STALKING CONDOMINIALE: COME DIFENDERSI DALLE MOLESTIE DEI VICINI

Lo stalking condominiale rappresenta una particolare forma di molestie, spesso sottovalutata, che può compromettere seriamente la serenità e la qualità della vita di chi ne è vittima. Ecco tutto ciò che devi sapere e come difenderti secondo le più recenti normative.

Cos’è lo stalking condominiale?

Lo stalking condominiale consiste in comportamenti persecutori reiterati, molesti o minacciosi posti in essere da un vicino di casa o da un condomino.
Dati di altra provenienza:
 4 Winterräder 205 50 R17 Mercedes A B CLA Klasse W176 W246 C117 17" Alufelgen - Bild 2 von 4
Questo comportamento, spesso banalizzato come semplice disputa tra vicini, costituisce un vero e proprio reato previsto dall’articolo 612-bis del Codice Penale italiano (introdotto dalla legge n. 38/2009 e aggiornato dalla recente legge n. 69/2019, nota come Codice Rosso).
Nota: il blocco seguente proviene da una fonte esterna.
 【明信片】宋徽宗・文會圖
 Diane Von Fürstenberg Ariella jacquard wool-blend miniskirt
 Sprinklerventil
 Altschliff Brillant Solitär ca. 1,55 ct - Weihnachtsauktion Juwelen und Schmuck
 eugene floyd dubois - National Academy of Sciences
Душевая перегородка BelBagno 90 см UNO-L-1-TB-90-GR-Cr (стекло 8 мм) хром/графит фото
I comportamenti possono includere:

  • Rumori eccessivi e volontari;
  • Minacce o insulti;
  • Pedinamenti o appostamenti;
  • Diffusione di maldicenze o calunnie;
  • Utilizzo di tecnologie intrusive come videocamere o registrazioni abusive.

Cosa fare se sei vittima di stalking condominiale?

Mantieni la calma

È fondamentale mantenere il controllo delle proprie emozioni. Spesso lo stalker mira proprio ad ottenere una reazione emotiva da parte della vittima; non reagire è il primo passo per disinnescare possibili escalation.

Documenta e conserva le prove

Raccogliere prove è essenziale per tutelarsi legalmente. Ti consigliamo di:

  • Annotare date, orari e descrizioni dettagliate degli episodi molesti;
  • Salvare messaggi di testo, e-mail o lettere ricevute;
  • Registrare, se possibile, conversazioni o chiamate minacciose (con strumenti legali);
  • Chiedere supporto a testimoni (vicini, parenti, amici).

La documentazione tempestiva e dettagliata costituisce prova decisiva per eventuali azioni giudiziarie.

Denuncia immediatamente

Lo stalking condominiale deve essere denunciato alle autorità competenti. La Cassazione stabilisce che tre episodi sono sufficienti per configurare il reato di stalking (Cass., sentenza n. 48391/2021).

La denuncia può essere fatta:

  • Alla Polizia o ai Carabinieri;
  • Presentando un esposto direttamente in Procura della Repubblica.

Richiedi l’ammonimento del Questore

Un’altra opzione prevista dalla legge (art. 8 della legge 38/2009) è richiedere un ammonimento da parte del Questore nei confronti dello stalker. Tale misura ha funzione preventiva e intimidatoria, invitando formalmente l’aggressore a interrompere immediatamente ogni comportamento molesto.

Misure cautelari e provvedimenti giudiziari

Nei casi più gravi, è possibile richiedere provvedimenti cautelari urgenti quali:

  • Divieto di avvicinamento;
  • Obbligo di dimora altrove;
  • Arresto in flagranza in casi di pericolo immediato.

Cosa fare in caso di pericolo immediato?

Se ti senti minacciato o in pericolo, contatta immediatamente le forze dell’ordine tramite il numero di emergenza 112. Non esitare e non temere di apparire eccessivo: la sicurezza è sempre la priorità assoluta.